Mark Hildreth (born 24 January 1978) is a Canadian actor appearing in movie and television roles. A graduate of The National Theatre School of Canada, Mark Hildreth's theater credits include Hamlet (The Shakespeare Project), Bertram in All's Well that Ends Well (Bard on the Beach), Richard of Gloucester in Richard III (NTSC) and Cale Blackwell in Fire (Teatre Lac Brome). He also starred as Pastor Tom Hale in the ABC drama Resurrection.

Life and career
Active as an actor since 1986, Hildreth has provided voiceovers since the age of 10, when he was cast as the voice of Beany in DiC Entertainment's production of Beany and Cecil. Since then, major roles have included: Caz in The New Adventures of He-Man, Alex Mann in Action Man; Hi-Tech in the direct-to-video CGI animated movies G.I. Joe: Spy Troops and G.I. Joe: Valor vs. Venom; Quicksilver in Wolverine and the X-Men; Terry Bogard in the Fatal Fury series; Oberon in "A Midsummer Night's Dream"; Harrison in Stargate: Infinity; and Heero Yuy in Gundam Wing.

He provided voices for enemy soldiers for the video game Metal Gear Solid 4: Guns of the Patriots, and for the character DJ Atomika in SSX 3, SSX Blur, SSX (2012 video game), and Burnout Paradise.

Hildreth also appears in stage productions:  In 2001, Hildreth played the role of Eugene Marchbanks in the Vancouver Playhouse production of George Bernard Shaw's Candida, for which he received a Jessie Richardson award for best performance by an actor in a leading role.

In 2003, he joined the band Davis Trading as a keyboardist and singer.

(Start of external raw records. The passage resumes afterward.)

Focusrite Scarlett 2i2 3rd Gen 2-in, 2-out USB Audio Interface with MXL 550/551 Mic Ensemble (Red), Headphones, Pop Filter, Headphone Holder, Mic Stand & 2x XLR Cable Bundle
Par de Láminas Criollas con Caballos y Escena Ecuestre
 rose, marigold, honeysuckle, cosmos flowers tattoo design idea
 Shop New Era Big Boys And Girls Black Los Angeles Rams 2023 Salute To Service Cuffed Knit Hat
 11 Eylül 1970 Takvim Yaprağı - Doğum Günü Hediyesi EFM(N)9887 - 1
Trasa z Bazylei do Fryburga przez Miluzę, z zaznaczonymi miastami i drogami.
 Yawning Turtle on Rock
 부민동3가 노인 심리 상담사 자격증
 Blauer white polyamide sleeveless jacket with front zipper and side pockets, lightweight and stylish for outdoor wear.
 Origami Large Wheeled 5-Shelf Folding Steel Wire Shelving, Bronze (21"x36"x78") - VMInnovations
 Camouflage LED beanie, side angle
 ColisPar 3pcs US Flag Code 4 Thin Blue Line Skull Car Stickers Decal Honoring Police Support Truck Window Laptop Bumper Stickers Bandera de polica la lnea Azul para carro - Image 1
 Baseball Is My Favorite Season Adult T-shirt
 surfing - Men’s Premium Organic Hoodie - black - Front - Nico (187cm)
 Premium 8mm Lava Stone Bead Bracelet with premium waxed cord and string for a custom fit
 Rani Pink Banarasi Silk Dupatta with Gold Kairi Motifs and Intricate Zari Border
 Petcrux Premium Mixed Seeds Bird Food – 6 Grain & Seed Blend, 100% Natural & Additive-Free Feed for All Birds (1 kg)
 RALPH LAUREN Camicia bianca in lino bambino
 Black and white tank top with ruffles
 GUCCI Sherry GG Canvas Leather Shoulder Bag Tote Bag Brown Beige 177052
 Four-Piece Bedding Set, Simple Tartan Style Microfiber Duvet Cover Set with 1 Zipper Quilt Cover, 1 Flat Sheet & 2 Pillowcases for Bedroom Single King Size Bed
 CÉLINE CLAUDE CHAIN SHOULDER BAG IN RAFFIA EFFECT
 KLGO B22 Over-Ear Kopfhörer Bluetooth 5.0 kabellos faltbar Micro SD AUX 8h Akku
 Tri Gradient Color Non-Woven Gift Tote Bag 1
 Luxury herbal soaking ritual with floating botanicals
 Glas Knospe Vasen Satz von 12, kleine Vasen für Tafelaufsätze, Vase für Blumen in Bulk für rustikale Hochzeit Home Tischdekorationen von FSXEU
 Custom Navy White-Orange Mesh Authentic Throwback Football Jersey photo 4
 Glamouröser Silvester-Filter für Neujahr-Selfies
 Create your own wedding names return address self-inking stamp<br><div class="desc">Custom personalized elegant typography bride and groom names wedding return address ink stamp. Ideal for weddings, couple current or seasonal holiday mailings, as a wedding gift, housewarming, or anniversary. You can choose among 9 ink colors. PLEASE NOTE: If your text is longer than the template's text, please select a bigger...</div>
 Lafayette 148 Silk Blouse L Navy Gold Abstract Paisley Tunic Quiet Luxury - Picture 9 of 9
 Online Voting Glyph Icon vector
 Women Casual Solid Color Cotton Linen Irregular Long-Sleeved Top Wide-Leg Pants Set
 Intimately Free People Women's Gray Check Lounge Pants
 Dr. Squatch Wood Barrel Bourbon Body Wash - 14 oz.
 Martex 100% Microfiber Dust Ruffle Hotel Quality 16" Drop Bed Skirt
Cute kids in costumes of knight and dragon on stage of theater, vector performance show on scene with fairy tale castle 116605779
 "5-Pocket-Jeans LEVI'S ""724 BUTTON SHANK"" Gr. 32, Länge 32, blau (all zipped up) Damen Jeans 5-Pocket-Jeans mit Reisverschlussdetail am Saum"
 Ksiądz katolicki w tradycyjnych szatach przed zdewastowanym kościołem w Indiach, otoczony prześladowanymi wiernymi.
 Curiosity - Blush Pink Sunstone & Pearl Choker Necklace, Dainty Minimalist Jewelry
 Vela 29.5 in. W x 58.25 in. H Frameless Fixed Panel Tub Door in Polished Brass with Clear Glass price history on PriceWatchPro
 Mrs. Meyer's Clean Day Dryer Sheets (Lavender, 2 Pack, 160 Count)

Hildreth left Davis Trading in 2004 to go solo; he formed his own band with guitarist Jory Neal Groberman and drummer Amrit Basi. He writes and sings all original music. In 2008, he released an album titled "Complex State of Attachment." In December 2012, he released his second album, "Signs of Life".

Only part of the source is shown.